So ended Stillman’s synopsis of Henry Dark’s pamphlet, dated December 26, 1690, the seventieth anniversary of the landing of the Mayflower.
Quinn let out a little sigh and closed the book. The reading room was empty. He leaned forward, put his head in his hands, and closed his eyes. “Nineteen sixty,” he said aloud. He tried to conjure up an image of Henry Dark, but nothing came to him. In his mind he saw only fire, a blaze of burning books. Then, losing track of his thoughts and where they had been leading him, he suddenly remembered that 1960 was the year that Stillman had locked up his son.

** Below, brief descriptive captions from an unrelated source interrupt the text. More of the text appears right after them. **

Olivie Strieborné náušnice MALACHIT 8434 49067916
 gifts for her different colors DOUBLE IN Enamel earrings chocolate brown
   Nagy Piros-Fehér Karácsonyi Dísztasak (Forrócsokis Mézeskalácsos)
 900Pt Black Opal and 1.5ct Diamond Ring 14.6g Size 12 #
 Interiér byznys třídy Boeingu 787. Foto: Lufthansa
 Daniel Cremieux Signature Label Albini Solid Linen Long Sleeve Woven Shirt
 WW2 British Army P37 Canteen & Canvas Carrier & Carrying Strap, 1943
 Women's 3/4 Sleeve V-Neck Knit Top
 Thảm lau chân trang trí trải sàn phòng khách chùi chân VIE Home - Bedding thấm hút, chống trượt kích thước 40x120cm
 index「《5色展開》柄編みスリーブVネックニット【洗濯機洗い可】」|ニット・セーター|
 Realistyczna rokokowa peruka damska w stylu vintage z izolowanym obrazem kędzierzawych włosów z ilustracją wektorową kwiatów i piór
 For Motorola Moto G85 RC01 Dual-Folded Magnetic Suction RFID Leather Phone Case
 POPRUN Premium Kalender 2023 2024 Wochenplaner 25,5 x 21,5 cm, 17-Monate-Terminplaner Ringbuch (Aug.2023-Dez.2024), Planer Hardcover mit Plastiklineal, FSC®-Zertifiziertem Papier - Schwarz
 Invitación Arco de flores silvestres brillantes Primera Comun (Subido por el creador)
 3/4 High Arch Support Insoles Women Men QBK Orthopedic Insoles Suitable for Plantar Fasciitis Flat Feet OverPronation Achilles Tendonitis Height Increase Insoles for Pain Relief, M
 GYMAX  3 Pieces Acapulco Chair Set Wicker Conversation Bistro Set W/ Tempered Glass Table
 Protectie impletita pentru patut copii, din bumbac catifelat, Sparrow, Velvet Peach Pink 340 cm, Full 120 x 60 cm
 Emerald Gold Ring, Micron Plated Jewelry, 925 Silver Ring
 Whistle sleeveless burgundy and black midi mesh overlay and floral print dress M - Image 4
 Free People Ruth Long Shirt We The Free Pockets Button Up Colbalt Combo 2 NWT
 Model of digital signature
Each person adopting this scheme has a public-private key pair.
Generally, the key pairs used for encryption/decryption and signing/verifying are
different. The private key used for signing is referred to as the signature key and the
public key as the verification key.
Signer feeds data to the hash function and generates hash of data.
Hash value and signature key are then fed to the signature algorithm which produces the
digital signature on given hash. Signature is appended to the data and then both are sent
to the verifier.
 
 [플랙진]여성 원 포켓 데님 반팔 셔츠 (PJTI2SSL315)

He opened the red notebook and set it squarely on his lap. Just as he was about to write in it, however, he decided that he had had enough. He closed the red notebook, got up from his chair, and returned Stillman’s book to the front desk. Lighting a cigarette at the bottom of the stairs, he left the library and walked out into the May afternoon.
7
He made it to Grand Central well in advance. Stillman’s train was not due to arrive until six-forty-one, but Quinn wanted time to study the geography of the place, to make sure that Stillman would not be able to slip away from him. As he emerged from the subway and entered the great hall, he saw by the clock that it was just past four. Already the station had begun to fill with the rush-hour crowd. Making his way through the press of oncoming bodies, Quinn made a tour of the numbered gates, looking for hidden staircases, unmarked exits, dark alcoves. He concluded that a man determined to disappear could do so without much trouble. He would have to hope that Stillman had not been warned that he would be there. If that were the case, and Stillman managed to elude him, it would mean that Virginia Stillman was responsible. There was no one else. It solaced him to know that he had an alternate plan if things went awry. If Stillman did not show up, Quinn would go straight to 69th Street and confront Virginia Stillman with what he knew.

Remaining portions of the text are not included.